The need for Anti Money Laundering (AML) compliance is increasing for the real estate sector due to its international recognition and emerging investment trends. In this regard, the prime concern for property agents is to figure out loopholes that provide room to money launderers. Currently, the real-estate sector is facilitating most cases of money laundering as illicit transactions reached $2.3 billion in 2021.
Real estate firms become victims of crimes unless the agents are not a part of them. Concerning the rise in money laundering through property trading, dealers require efficient AML solutions. While embracing technology, risk of cybersecurity threats also increases. This blog covers how AML verification solutions save the real-estate sector from becoming a safe haven for criminals.
The Real-Estate Sector – a Prominent Target of Financial Criminals
Purchasing luxurious mansions, dumping money into high-value construction projects, and fast sales/purchases are some of the main attractions for criminals. While the profitability in real estate trading continues to increase, fraudsters see this sector as their golden ticket. Criminals easily invest and conceal high sums of money without having to validate their source of funds. Furthermore, inadequate AML compliance measures and regulatory scrutiny enable criminals to avail free money laundering passages.
As of April 2022, more than $300,000 was spent on illicit high-value real-estate purchases. Obscuring the sources of illicit funds and escaping AML compliance is relatively easier while making single or multiple expensive property purchases. Furthermore, entities belonging to high-risk jurisdictions invest internationally in the real estate market for not only concealing their identities but also proceeds of crimes.
Property trading provides tangible assets with a stable or profiting process that enables criminals to generate more capital. While the real estate sector has inefficient AML security measures, implementing regulatory protocols becomes challenging.
Russian Invasion of Ukraine
In February 2022, Russia invaded Ukraine in a major escalation of the war that started in 2014. This massive takeover by the former served as a catalyst for bringing the real estate sector under the spotlight. Due to this reason, many restrictions were put forth for entities belonging to Russia. In order to conceal their funds, sanctioned oligarchs started investing in international properties. Real estate firms experienced a noticeable surge in AML compliance failure after Russian risk-possessed entities started flowing their illicit funds.
Strict Regulatory Scrutiny Increases for The Real Estate Sector
Criminals often use hard money to make high-value investments as it helps them dodge AML monitoring checks. Nonetheless, fraudsters see cash payments as their pass to evade regulatory reporting thresholds. Moreover, they use multiple bank accounts to hide AML compliance and trials of money laundering. Fraudsters also use shell companies, third-party brokers, trusts, or insurance coverage firms to purchase properties.
Fraudsters either rent or auction properties which aids in creating an illusion of legitimacy. Considering this, regulatory bodies are taking strict actions by enforcing strict anti-money laundering regulations. More details regarding stringent AML security requirements are in the next section:
5th Anti Money Laundering Directive (5AMLD)

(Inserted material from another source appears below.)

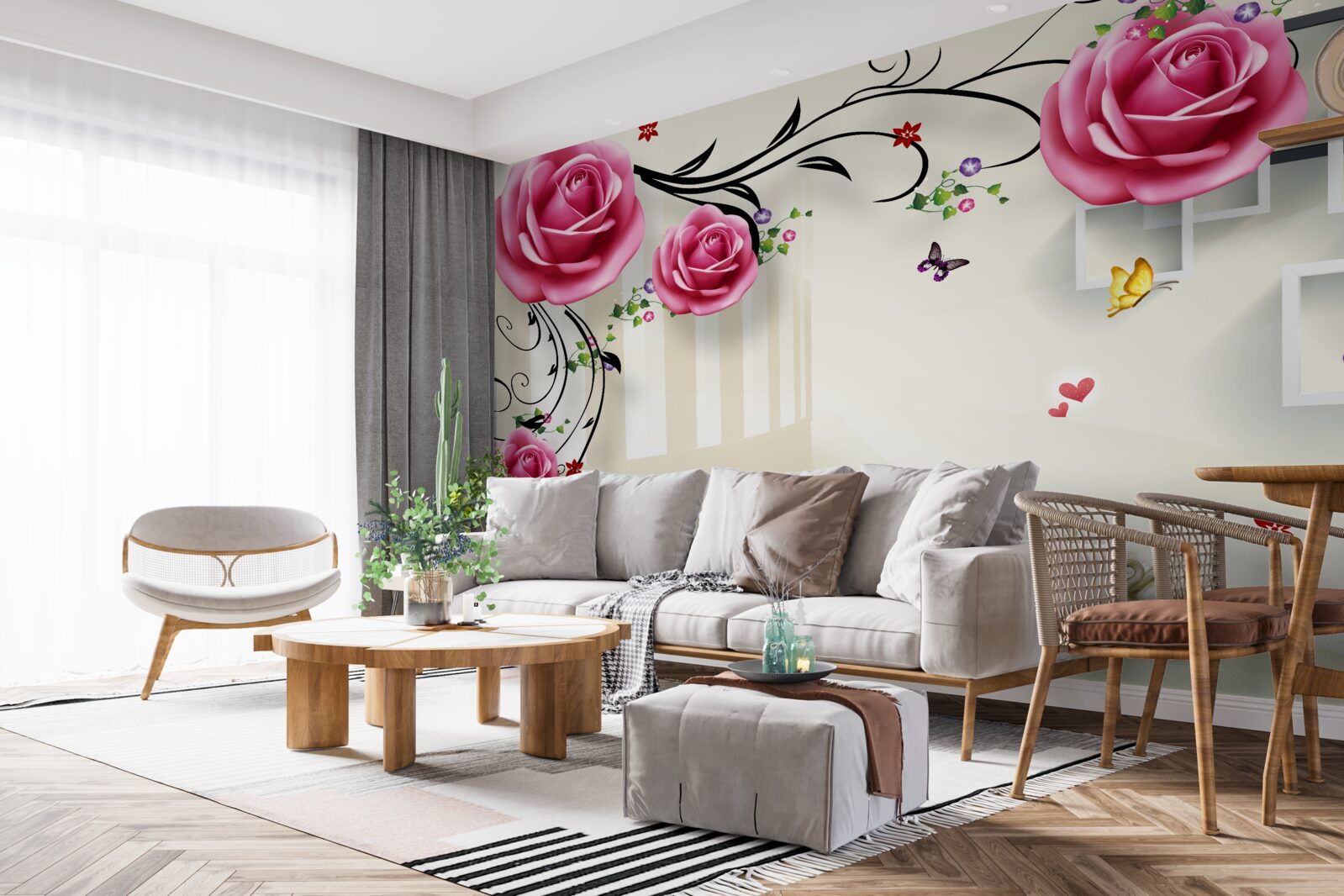 Papier peint des roses roses fleurissent sur les branches et des cygnes blancs nagent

The real estate sector should ensure AML compliance in order to secure property trading and restrict criminal activities. Within its 5AMLD, the European Union (EU) set out several standards including Know Your Customer (KYC), business legitimacy verification, third-party payment authentication, and identification of Ultimate Beneficial Owners (UBOs).
Joe Biden’s administration overlooked real estate companies and identified inefficient AML systems. In the wake of this, it put forth a new anti-money laundering regime with stringent penalties and a direct focus on cash transactions.

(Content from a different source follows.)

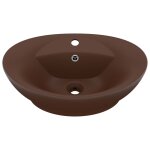 Vidaxl lavabo ovale  trop - plein marron fonc mat 58, 5x39 cm cramique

Risk-Based Guidelines by Financial Crimes Enforcement Network (FinCEN)
FinCEN renewed its Geographic Targeting Orders (GTOs) in April 2022 as a response to increasing financial crimes within the real-estate sector. Since 2016, insurance companies, property trading firms, and other such organizations were required to validate owners behind shell companies. Similarly, real-estate agents were also obliged to authenticate cash payments. However, in its 12th renewal of the GTO, FinCEN extended AML compliance to international investment coming from outside of the US.

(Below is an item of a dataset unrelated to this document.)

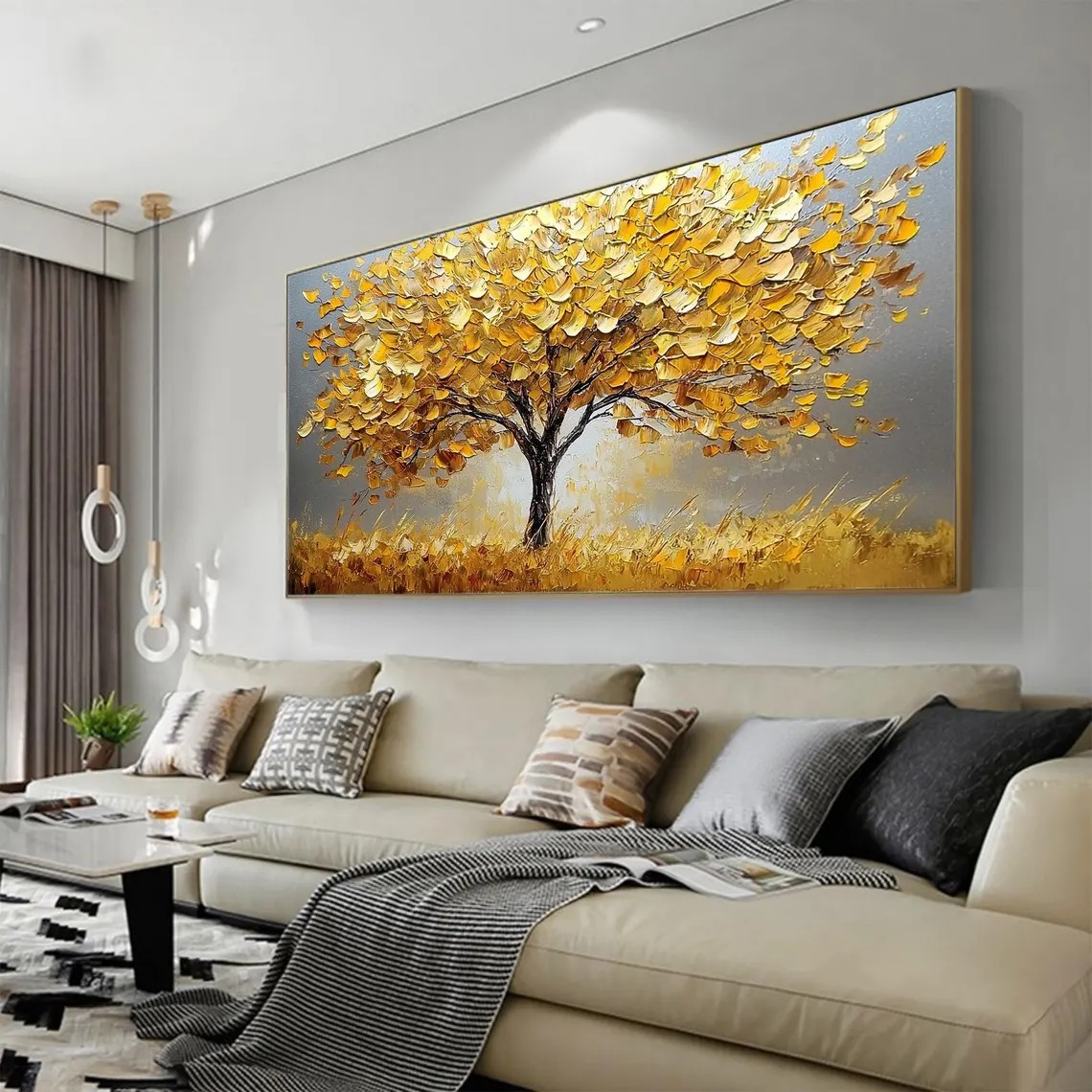 Modern Impasto Texture Gold Tree Wall Art, Luxurious Piece #MM440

Automated AML Security Solutions – the Key to Prevent Real Estate Fraud
AI-powered AML solutions are emerging as game changers for real estate firms to counter fraud risks. While criminals make sophisticated attempts to conceal their illicit funds, automated digital onboarding mechanisms identify them in real time. By integrating biometrics, sanction screening, and background cross-verification, anti-money laundering solutions accelerate accuracy. Furthermore, dealers and property traders can ensure they are facilitating legitimate entities by authenticating their source of funds across global financial databases.
In a Nutshell
The regulatory landscape continues to evolve considering the increase in real estate money laundering. While criminals deploy sophisticated efforts to exploit property trading and launder high sums of money, AML solutions counter their intentions. With automated IDV processes in place, real estate firms also meet compliance challenges. Hence, AI-powered AML screening ensures secure property trading.